- _Exercise aim_
Using the data below, restate exactly every line from the one with "illustrazione vettoriale logo" up to and including the one with "Texas Rangers 'Gothic". No picture belongs in it.

- _Raw data_

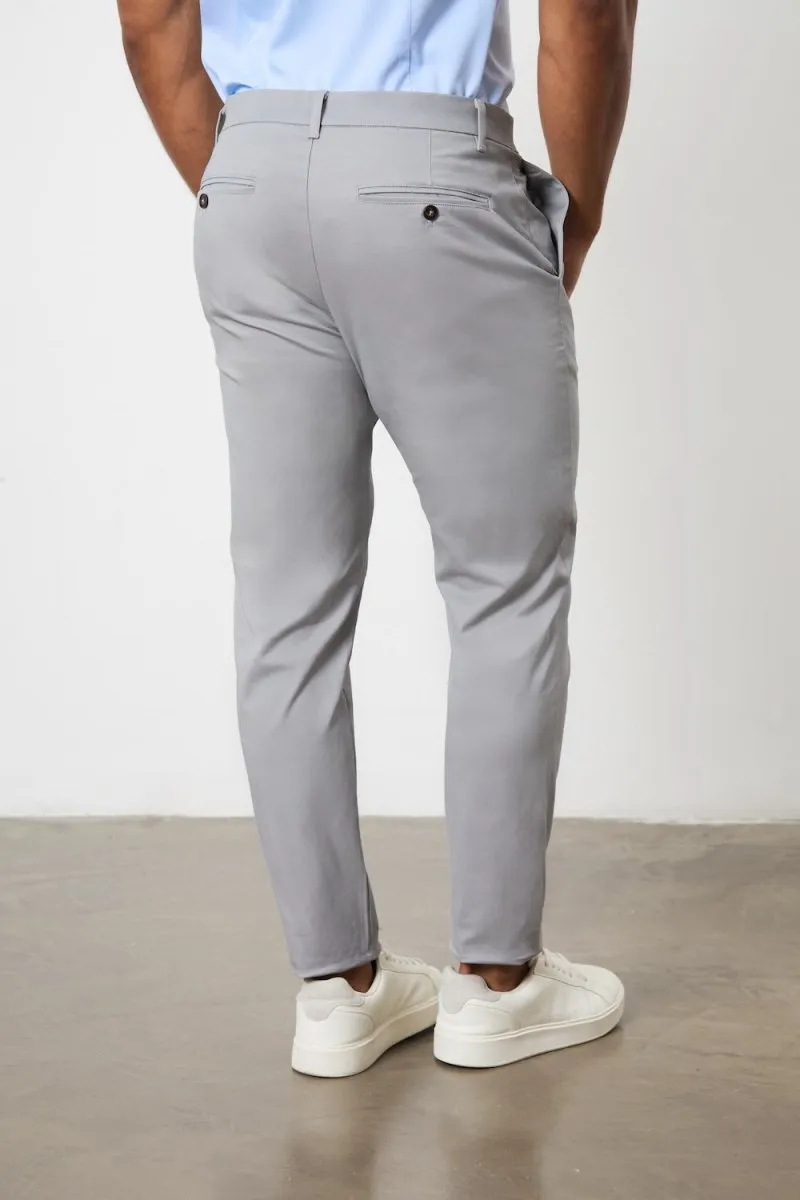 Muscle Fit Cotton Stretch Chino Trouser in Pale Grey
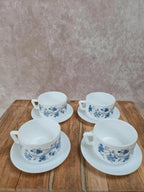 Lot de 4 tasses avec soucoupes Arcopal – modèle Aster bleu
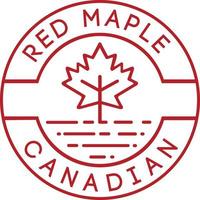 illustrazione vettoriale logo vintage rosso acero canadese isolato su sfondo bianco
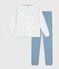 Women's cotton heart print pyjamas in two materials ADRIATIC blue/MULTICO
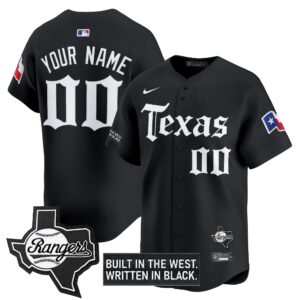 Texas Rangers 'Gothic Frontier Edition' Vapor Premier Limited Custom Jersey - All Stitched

--

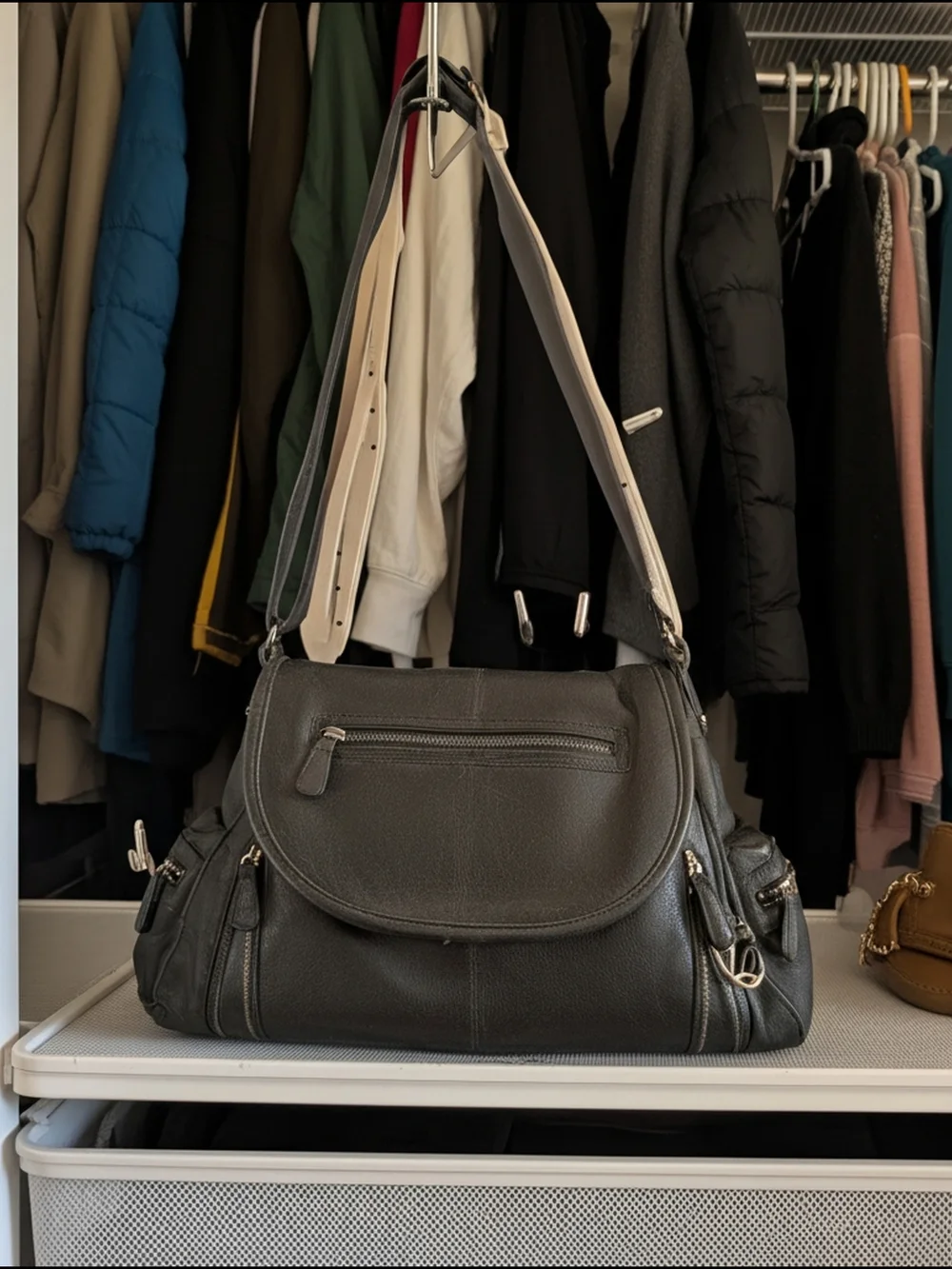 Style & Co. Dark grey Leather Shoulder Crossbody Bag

--

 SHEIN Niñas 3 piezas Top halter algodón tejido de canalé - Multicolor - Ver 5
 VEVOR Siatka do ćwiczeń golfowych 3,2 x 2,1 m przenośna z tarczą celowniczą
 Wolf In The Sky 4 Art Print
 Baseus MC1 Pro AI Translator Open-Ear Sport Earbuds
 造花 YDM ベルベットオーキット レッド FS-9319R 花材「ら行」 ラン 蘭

- _Solution to this problem_
 illustrazione vettoriale logo vintage rosso acero canadese isolato su sfondo bianco
 Women's cotton heart print pyjamas in two materials ADRIATIC blue/MULTICO
 Texas Rangers 'Gothic Frontier Edition' Vapor Premier Limited Custom Jersey - All Stitched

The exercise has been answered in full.